I want to make this code parallel:
std::vector<float> res(n,0);
std::vector<float> vals(m);
std::vector<float> indexes(m);
// fill indexes with values in range [0,n)
// fill vals and indexes
for(size_t i=0; i<m; i++){
res[indexes[i]] += //something using vas[i];
}
In this article it's suggested to use:
#pragma omp parallel for reduction(+:myArray[:6])
In this question the same approach is proposed in the comments section.
I have two questions:
- I don't know
m
at compile time, and from these two examples it seems that's required. Is it so? Or if I can use it for this case, what do I have to replace ?
with in the following command #pragma omp parallel for reduction(+:res[:?])
? m
or n
?
- Is it relevant that the indexes of the
for
are relative to indexes
and vals
and not to res
, especially considering that reduction
is done on the latter one?
However, If so, how can I solve this problem?
It is fairly straight forward to do a user declared reduction for C++ vectors of a specific type:
#include <algorithm>
#include <vector>
#pragma omp declare reduction(vec_float_plus : std::vector<float> : \
std::transform(omp_out.begin(), omp_out.end(), omp_in.begin(), omp_out.begin(), std::plus<float>())) \
initializer(omp_priv = decltype(omp_orig)(omp_orig.size()))

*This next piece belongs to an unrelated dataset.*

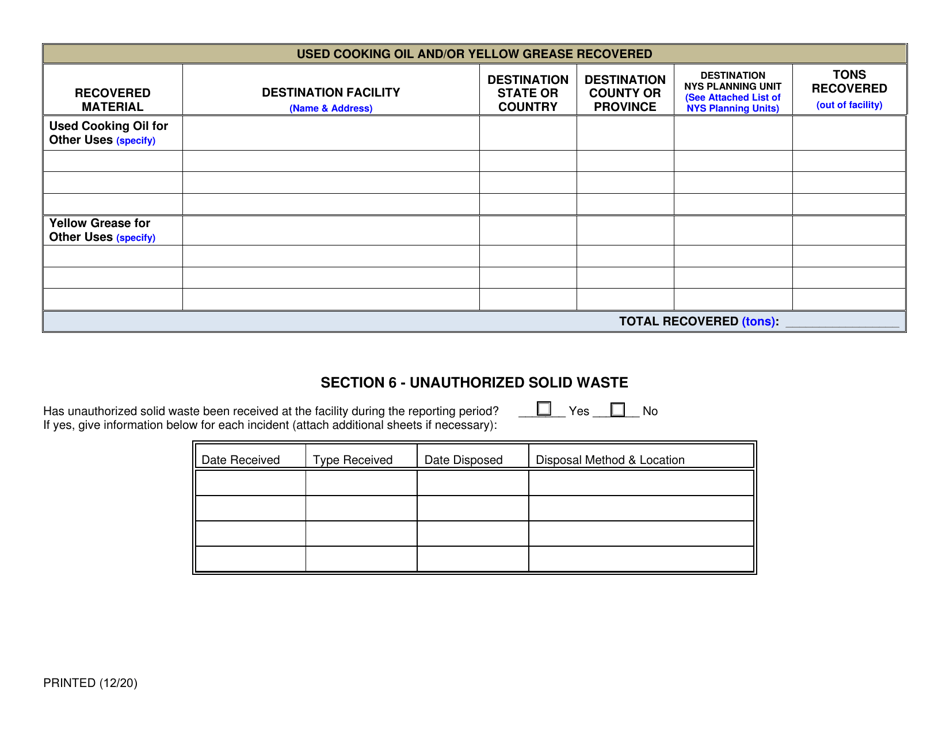 Used Cooking Oil and / or Yellow Grease Processing Facility - New York, Page 6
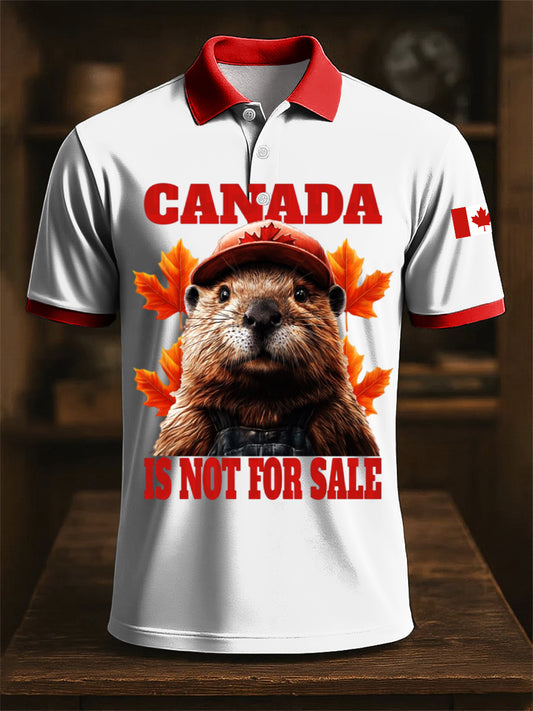 Vintage Canadian Beaver Art Print Casual Short Sleeve Polo Shirt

std::vector<float> res(n,0);
#pragma omp parallel for reduction(vec_float_plus : res)
for(size_t i=0; i<m; i++){
res[...] += ...;
}
1a) Not knowing m
at compile time is not a requirement.
1b) You cannot use the array section reduction on std::vector
s, because they are not arrays (and std::vector::data
is not an identifier). If it were possible, you'd have to use n
, as this is the number of elements in the array section.
2) As long as you are only reading indexes
and vals
, there is no issue.
Edit: The original initializer
caluse was simpler: initializer(omp_priv = omp_orig)
. However, if the original copy is then not full of zeroes, the result will be wrong. Therefore, I suggest the more complicated initializer which always creates zero-element vectors.